Above photo: The fairground at the Iran Mall, Tehran’s largest shopping mall, after its conversion into a hospital for coronavirus patients, Tehran, Iran, March 30, 2020. Fatemeh Bahrami/Anadolu Agency via Getty Images.

NOTE: In this article, US Secretary of State Mike Pompeo says the sanctions exclude medicines and medical supplies and blames the Iranian government for not having enough money. The reality is that US-imposed economic coercive measures prevent Iran from obtaining medicines, medical supplies, and other goods because companies and financial institutions refuse to do business with Iran out of fear of retaliation by the US. Many of the economic measures used by the US against Iran have prevented Iran from selling its oil, which is a major source of revenue for the country. We post this article because it is good news to see the sanctions being called into question, they violate the UN Charter, and to see US allies defying them.  – MF

In the first transaction of its kind, France, Germany and Britain have sent medical goods to Iran under a trade mechanism set up to bypass US sanctions against Tehran.

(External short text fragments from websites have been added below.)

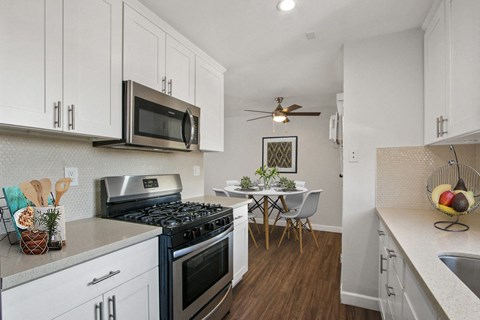 A kitchen with white cabinets and a black stove top.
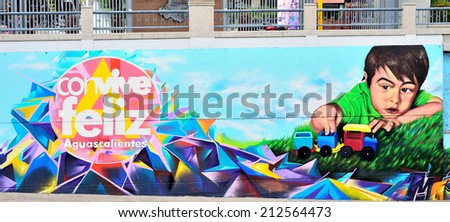 AGUASCALIENTES, MEXICO - OCTOBER 19, 2013:  Graffiti of children by anonymous artist in downtown Aguascalientes, Mexico.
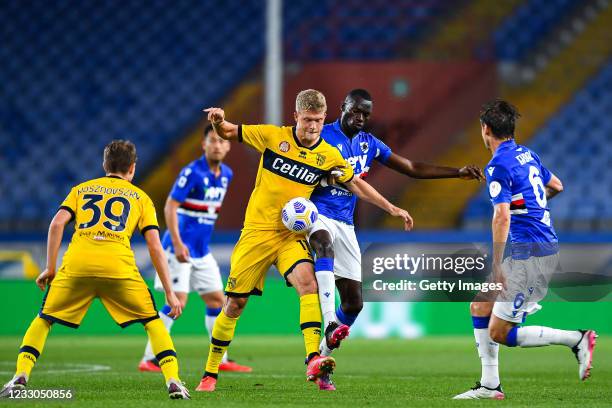 Andreas Cornelius of Parma and Omar Colley of Sampdoria vie for the ball during the Serie A match between UC Sampdoria and Parma Calcio at Stadio...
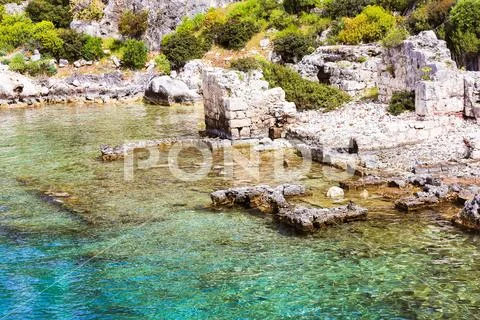 Historic place on the shore of the sea and under clear, clean water Stock Photos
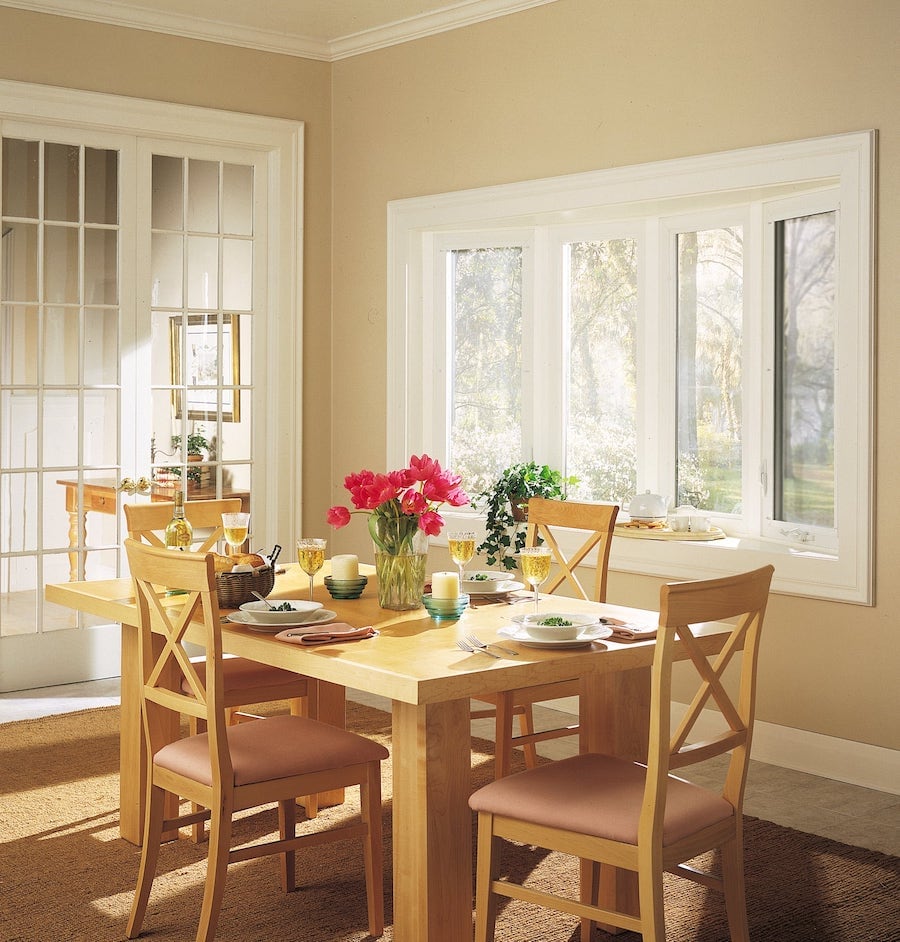 Light streams into dining room from bay and bow window.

In January 2019, the three European countries, known as the E3, developed the trade mechanism — dubbed INSTEX — as a workaround to export goods to Iran.

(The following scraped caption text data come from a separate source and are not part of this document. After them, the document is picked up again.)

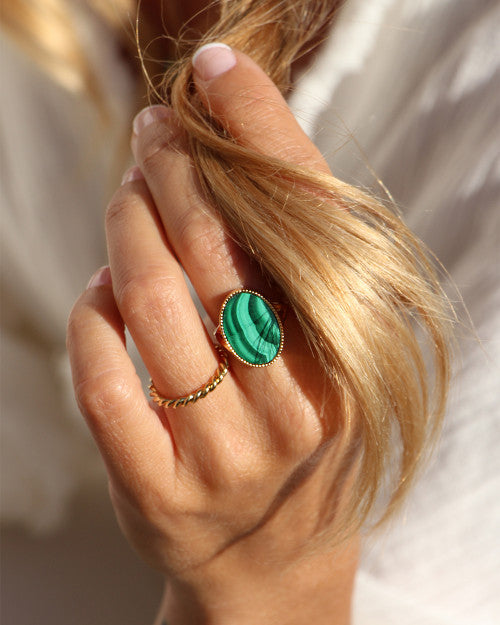 A close-up of a hand holding blonde hair strands. The hand is adorned with a twisted gold ring and a larger Nilai Frida Ring featuring a green natural stone with gold detailing. The person is wearing a white, textured garment in the background.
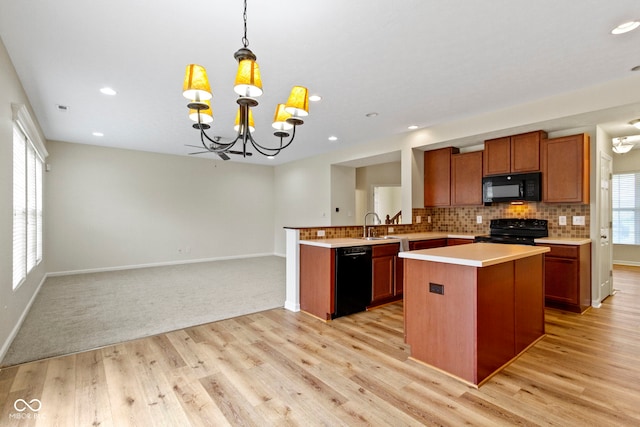 kitchen featuring black appliances, hanging light fixtures, light hardwood / wood-style floors, kitchen peninsula, and a chandelier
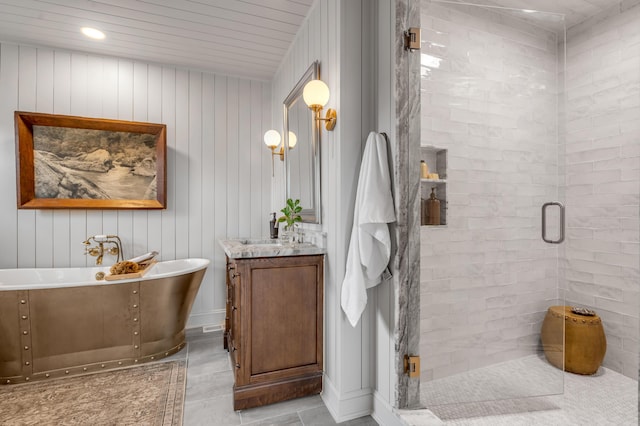 bathroom with a stall shower, a soaking tub, and vanity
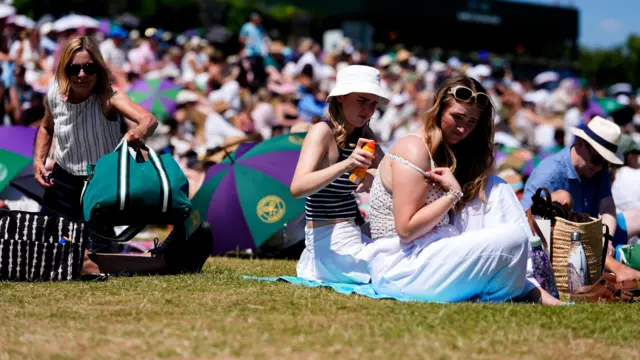 Spectators apply suncream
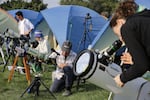 Umbraphiles and photographers prep their telescopes and cameras while they await the eclipse in Madras.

“INSTEX and its Iranian counterpart STFI will work on more transactions and enhancing the mechanism,” the German Foreign Ministry said in a statement. “These goods are now in Iran.”

The German Foreign Ministry did not specify what was included in the shipment, only confirming its arrival. Citing people familiar with the transaction, The Wall Street Journal reported Tuesday that “the sale was equipment related to blood treatment from a German exporter.”

The Donald Trump administration imposed tough economic sanctions on Iran in 2018 after withdrawing from the nuclear accord reached by the Barack Obama administration, five other world powers and Iran in 2015. The reimposition of energy sanctions have since crippled Iran’s economy and prompted Tehran to retaliate by breaching its commitments under the nuclear deal.

The Islamic Republic, meanwhile, is grappling with the Middle East’s worst coronavirus outbreak. The death toll climbed to 2,898 on Tuesday, with more than 44,000 confirmed cases, Iran’s Health Ministry said.

The White House has resisted calls from some world leaders and human rights organizations to ease its “maximum pressure” campaign of sanctions against Iran, which Tehran says is hampering its ability to contain the virus. Officials in Iran have increasingly taken to social media to condemn the United States for what it calls “economic terrorism.”

US Secretary of State Mike Pompeo stressed in a Tuesday news conference that the United States has offered humanitarian assistance to Iran in the wake of the coronavirus pandemic. Medicine and medical supplies are exempted from US sanctions.

“When they make the claim that they just don’t have the money to feed their people, these are decisions that these people’s leaders have often made,” Pompeo said of Iran and other sanctioned countries. “It is indeed quite sad.”

Last week, Iran’s Supreme Leader Ayatollah Ali Khamenei said his country would not accept American assistance, calling US officials “charlatans and liars.”

“Several times Americans have offered to help us to fight the pandemic. That is strange because you face shortages in America,” Khamenei said in a televised speech.